==== Given entries ====

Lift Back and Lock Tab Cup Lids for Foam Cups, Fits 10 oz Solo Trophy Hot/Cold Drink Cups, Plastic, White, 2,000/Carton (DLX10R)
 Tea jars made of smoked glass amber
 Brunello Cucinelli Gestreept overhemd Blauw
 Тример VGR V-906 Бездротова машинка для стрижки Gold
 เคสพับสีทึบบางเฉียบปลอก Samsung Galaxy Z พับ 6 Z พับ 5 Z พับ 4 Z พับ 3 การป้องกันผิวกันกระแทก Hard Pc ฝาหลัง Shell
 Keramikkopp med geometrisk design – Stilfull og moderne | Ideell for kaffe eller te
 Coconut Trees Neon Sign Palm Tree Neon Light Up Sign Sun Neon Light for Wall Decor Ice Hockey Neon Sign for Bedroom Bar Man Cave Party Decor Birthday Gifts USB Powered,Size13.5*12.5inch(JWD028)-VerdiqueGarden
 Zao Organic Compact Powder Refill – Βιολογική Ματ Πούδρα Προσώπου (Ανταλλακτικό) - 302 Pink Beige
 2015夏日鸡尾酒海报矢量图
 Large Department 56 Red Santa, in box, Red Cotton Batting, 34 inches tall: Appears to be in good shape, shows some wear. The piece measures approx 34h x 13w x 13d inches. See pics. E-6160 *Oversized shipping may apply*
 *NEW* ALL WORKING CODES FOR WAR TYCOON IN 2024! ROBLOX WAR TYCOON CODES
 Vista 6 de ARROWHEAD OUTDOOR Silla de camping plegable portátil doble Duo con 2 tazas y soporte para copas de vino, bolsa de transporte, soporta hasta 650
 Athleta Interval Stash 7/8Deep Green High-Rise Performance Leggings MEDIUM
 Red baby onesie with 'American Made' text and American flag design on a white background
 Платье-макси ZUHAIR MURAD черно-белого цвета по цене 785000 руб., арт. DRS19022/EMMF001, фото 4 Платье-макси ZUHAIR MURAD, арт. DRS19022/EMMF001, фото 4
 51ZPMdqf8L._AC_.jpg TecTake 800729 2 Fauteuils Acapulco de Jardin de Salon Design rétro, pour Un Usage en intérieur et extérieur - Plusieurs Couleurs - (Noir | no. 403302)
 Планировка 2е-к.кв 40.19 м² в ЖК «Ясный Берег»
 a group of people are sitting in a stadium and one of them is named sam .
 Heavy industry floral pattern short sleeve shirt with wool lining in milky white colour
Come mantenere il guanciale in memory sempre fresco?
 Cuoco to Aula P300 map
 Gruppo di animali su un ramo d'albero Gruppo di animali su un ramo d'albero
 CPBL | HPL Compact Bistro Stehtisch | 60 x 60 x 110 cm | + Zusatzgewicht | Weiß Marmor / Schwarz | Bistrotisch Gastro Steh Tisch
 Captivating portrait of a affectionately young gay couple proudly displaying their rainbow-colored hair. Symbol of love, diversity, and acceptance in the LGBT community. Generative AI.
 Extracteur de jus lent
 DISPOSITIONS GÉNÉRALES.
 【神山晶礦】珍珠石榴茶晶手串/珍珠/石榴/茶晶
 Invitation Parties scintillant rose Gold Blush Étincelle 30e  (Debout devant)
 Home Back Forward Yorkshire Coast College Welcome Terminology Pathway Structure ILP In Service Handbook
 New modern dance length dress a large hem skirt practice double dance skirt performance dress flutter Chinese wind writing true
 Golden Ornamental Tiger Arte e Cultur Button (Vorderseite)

====

Write the entries out again in full, exactly as they appear above.

Lift Back and Lock Tab Cup Lids for Foam Cups, Fits 10 oz Solo Trophy Hot/Cold Drink Cups, Plastic, White, 2,000/Carton (DLX10R)
 Tea jars made of smoked glass amber
 Brunello Cucinelli Gestreept overhemd Blauw
 Тример VGR V-906 Бездротова машинка для стрижки Gold
 เคสพับสีทึบบางเฉียบปลอก Samsung Galaxy Z พับ 6 Z พับ 5 Z พับ 4 Z พับ 3 การป้องกันผิวกันกระแทก Hard Pc ฝาหลัง Shell
 Keramikkopp med geometrisk design – Stilfull og moderne | Ideell for kaffe eller te
 Coconut Trees Neon Sign Palm Tree Neon Light Up Sign Sun Neon Light for Wall Decor Ice Hockey Neon Sign for Bedroom Bar Man Cave Party Decor Birthday Gifts USB Powered,Size13.5*12.5inch(JWD028)-VerdiqueGarden
 Zao Organic Compact Powder Refill – Βιολογική Ματ Πούδρα Προσώπου (Ανταλλακτικό) - 302 Pink Beige
 2015夏日鸡尾酒海报矢量图
 Large Department 56 Red Santa, in box, Red Cotton Batting, 34 inches tall: Appears to be in good shape, shows some wear. The piece measures approx 34h x 13w x 13d inches. See pics. E-6160 *Oversized shipping may apply*
 *NEW* ALL WORKING CODES FOR WAR TYCOON IN 2024! ROBLOX WAR TYCOON CODES
 Vista 6 de ARROWHEAD OUTDOOR Silla de camping plegable portátil doble Duo con 2 tazas y soporte para copas de vino, bolsa de transporte, soporta hasta 650
 Athleta Interval Stash 7/8Deep Green High-Rise Performance Leggings MEDIUM
 Red baby onesie with 'American Made' text and American flag design on a white background
 Платье-макси ZUHAIR MURAD черно-белого цвета по цене 785000 руб., арт. DRS19022/EMMF001, фото 4 Платье-макси ZUHAIR MURAD, арт. DRS19022/EMMF001, фото 4
 51ZPMdqf8L._AC_.jpg TecTake 800729 2 Fauteuils Acapulco de Jardin de Salon Design rétro, pour Un Usage en intérieur et extérieur - Plusieurs Couleurs - (Noir | no. 403302)
 Планировка 2е-к.кв 40.19 м² в ЖК «Ясный Берег»
 a group of people are sitting in a stadium and one of them is named sam .
 Heavy industry floral pattern short sleeve shirt with wool lining in milky white colour
Come mantenere il guanciale in memory sempre fresco?
 Cuoco to Aula P300 map
 Gruppo di animali su un ramo d'albero Gruppo di animali su un ramo d'albero
 CPBL | HPL Compact Bistro Stehtisch | 60 x 60 x 110 cm | + Zusatzgewicht | Weiß Marmor / Schwarz | Bistrotisch Gastro Steh Tisch
 Captivating portrait of a affectionately young gay couple proudly displaying their rainbow-colored hair. Symbol of love, diversity, and acceptance in the LGBT community. Generative AI.
 Extracteur de jus lent
 DISPOSITIONS GÉNÉRALES.
 【神山晶礦】珍珠石榴茶晶手串/珍珠/石榴/茶晶
 Invitation Parties scintillant rose Gold Blush Étincelle 30e  (Debout devant)
 Home Back Forward Yorkshire Coast College Welcome Terminology Pathway Structure ILP In Service Handbook
 New modern dance length dress a large hem skirt practice double dance skirt performance dress flutter Chinese wind writing true
 Golden Ornamental Tiger Arte e Cultur Button (Vorderseite)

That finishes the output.